Computation of clone sharedness and detection of cell subpopulations
To assess whether sister cell similarity is uniform across clones or is
rather clone-specific, we introduce a clone sharedness score across
clusters (see section “Dimensional reduction and clustering”). It is
defined, for each pair of clusters i and j in T0 and T1, as cs(i,j) =
(n[ij]·n′[ji])/(N[i]·N′[j]), where n[ij] (n′[ji]) is the number of
cells in i (in j) with at least one sister in j (in i) and N[i] (N′[j])
is the total number of cells in i (in j). Each cluster i in T0 is
matched with the cluster j^max in T1 with maximum clone sharedness with
i, namely, j^max = arg max[j] cs(i,j). The three clusters belonging to
maximal clone sharedness pairs (i,j^max) are defined as subpopulations
and labelled by non-increasing value of cs(i,j^max) as S1, S2, and S3.
Transcriptionally stable clones are defined as the ones only found in
one of the three subpopulations in both T0 and T1, they are 437 in
total. This approach is independent of single-cell data integration,
whose accuracy is difficult to assess when reliable markers are
unknown^[370]85,[371]86. We define the gene signature of S ∈ {S1, S2,
S3} as the set of genes that are differentially upregulated between S
and its complement in both T0 and T1. We obtain 109, 29, and 27 genes
for signatures S1, S2, and S3.
Definition of clone–clone pair propensity
We define a pair propensity score to measure the pairwise gene
expression similarity bias between clones. For each cell, we consider
its directed neighbourhood of size k, i.e., each cell has exactly k
nearest neighbours and the neighbour relationship is not symmetric.
Given two clones labels i and j, possibly identical, the observed (i,j)

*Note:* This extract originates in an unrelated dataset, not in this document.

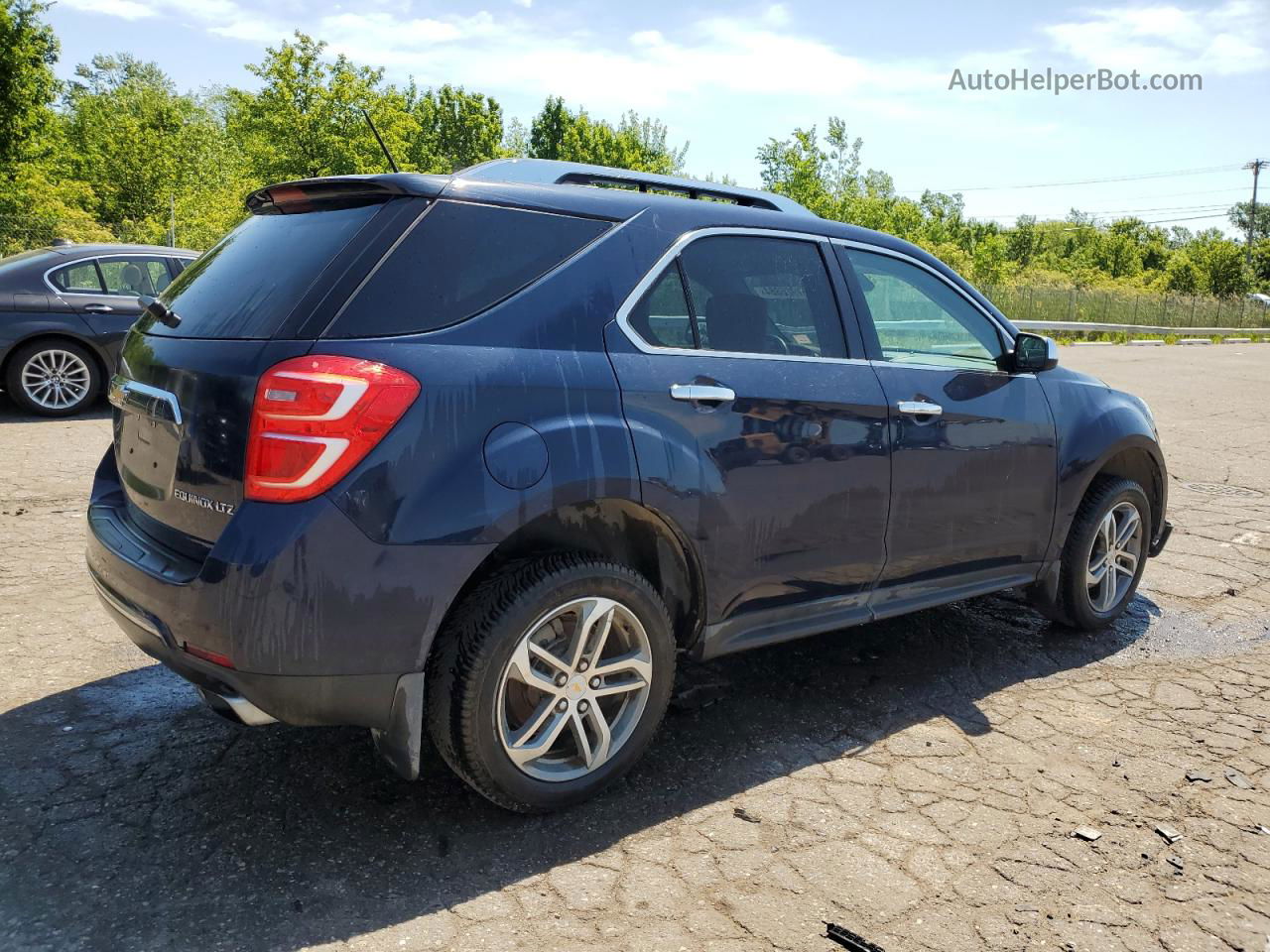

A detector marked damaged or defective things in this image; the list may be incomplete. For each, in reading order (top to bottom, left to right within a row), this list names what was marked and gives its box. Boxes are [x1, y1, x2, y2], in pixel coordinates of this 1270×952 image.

cracked asphalt [0, 343, 1262, 952]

frequency f[ij]^obs is the number of cell pairs (c[i],c[j]) such that
c[i] and c[j] belong to clones i and j, respectively, and c[j] is a
neighbour of c[i]. The expected (i,j) frequency f[ij]^exp is calculated
based on the frequency of clones i and j and the neighbourhood size k,
as follows. Given the neighbourhood of c[i], the probability that a
given cell c ≠ c[i] in the neighbourhood is labelled with j is given by
(n[j] − I(i,j))/(N − 1), where n[j] is the number of cells labelled
with j, N is the total number of cells in the sample, and I(i,j) is the
indicator function (I(i,j) = 1 if i = j and I(i,j) = 0 if i ≠ j). We
obtain f[ij]^exp = n[i]·k·(n[j] − I(i,j))/(N − 1), where n[i] is the
number of cells labelled with clone i. The pair propensity of i and j
is defined as p[ij] = f[ij]^obs/f[ij]^exp. By iterating across all
clone pairs, we obtain a non-symmetric n × n matrix P, where n is the
number of distinct clone labels. The value of p[ij] indicates the
propensity of clones i and j to be closer (p[ij] > 1) or farther
(p[ij] < 1) from each other in the sample than expected by chance,
where p[ij] = 1 denotes random association. Finally, we obtain a
symmetric matrix
[MATH:
P′=(P
TP)12
:MATH]
.
Detection of clone lineages
We use the above pair propensity definition to find groups of clones
with mutually similar gene expression profiles on the treated condition
at day ≥13. We first define the neighbour relationship, as follows. The
top 1000 highly variable genes are computed with vst method on the
union of the time points in exp1 and exp2, respectively. For each
sample, a knn graph with k = 40 is built on the top n PCs (see section
“Dimensional reduction and clustering”). Matrix P′ (see section
“Definition of clone–clone pair propensity”) is computed on the top 20
highest frequency clones, clones i such that p[ii] < 1 are discarded,
and the matrix obtained is clustered using the hclust function with
ward.D2 method on Euclidean distances. We obtain two clusters A and B
that serve as “anchor” to add the remaining clones. Clones not yet
included in A nor in B are sorted by non-increasing frequency and we
iteratively add one clone at a time, as follows. The first clone i in
the ordering is considered and a pair propensity p[iA] (p[iB]) is
computed between i and the union of clones in A (in B). If p[iB] < 1
and p[iA] > p[iB] + 1, then i is added to A (likewise for B), otherwise
it is discarded. The procedure continues until the last clone in the
ordering is considered. Starting from the sets A and B computed on each
of the four samples, we define lineage L1 (lineage L2) as the set of
clones always assigned to A (to B) and detected at least once in both
exp1 and exp2. We detect 11 clones for L1 and 17 clones for L2. We
define the gene signature of L1 (of L2) as the set of genes that are
differentially upregulated (downregulated) between cells in L1 and L2
in both exp1 and exp2. We obtain 42 and 46 genes for L1 and L2.
Functional annotation
We perform pathway enrichment analysis (REACTOME^[372]87) as follows.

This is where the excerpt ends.